Quickly, the various guerrilla priests — a senior Jesuit Henry Garnet and two young acolytes — are bundled into hiding, two in a priest hole set behind some panelling, one in a chest. The search party enters, led by an implacable witchfinder-general type who pursues his task with sadistic relish and grim efficiency. As the priests cower, their terror palpable, the search party sets about measuring the house within and without to see if there is any discrepancy in the dimensions.
And, yes, there is! But before the priest hole can be discovered, the acolyte in the chest — a pretty teenager with flowing curly locks — distracts the searchers by accidentally dropping a chalice. Big mistake. First he’ll be tortured. Then — in scenes that, unfortunately, we’re later forced to witness — he will be partially hanged, before he is cut open, still alive, to endure having his entrails unwound and his limbs severed one by one with an axe.
Meanwhile, the dignified lady of the house — one Lady Dorothy Dibdale — takes full responsibility for the illegal priest concealment. This, happily, spares the show’s biggest stars — Jon Snow and Arwen — for the next two episodes but at a terrible cost.

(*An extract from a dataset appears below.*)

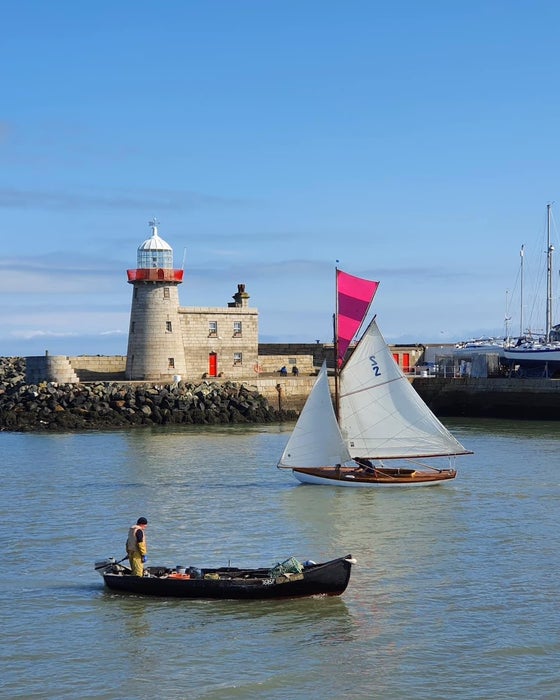Sailboat and fishing boat passing the lighthouse in Howth Harbour.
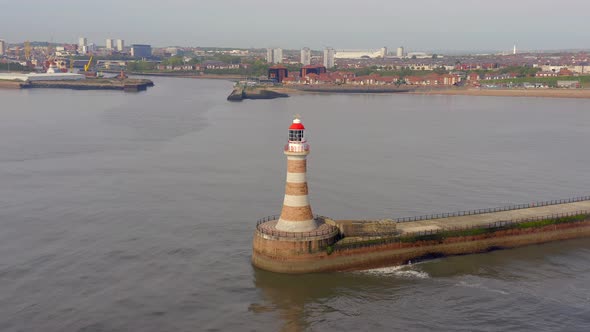 A Lighthouse and Pier in the Early Morning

Poor Lady D is taken to a scaffold, stripped naked and then laid with a large rock between her spine and the wooden deck, before being crushed to death by a door laden with heavy weights.
At which point — once they’d disposed of their sick bags — many viewers, I imagine, will have reached for Google. How much of this stuff was accurate?
None of it, pretty much. No priests were ever discovered at Baddesley Clinton, where the fictional Lady D was not the châtelaine; Catesby lived elsewhere; and the death-by-crushing was a one-off, atypical of the Jacobean period, and actually conducted in 1586, in Elizabeth’s time, on a hapless Catholic woman called Margaret Clitherow.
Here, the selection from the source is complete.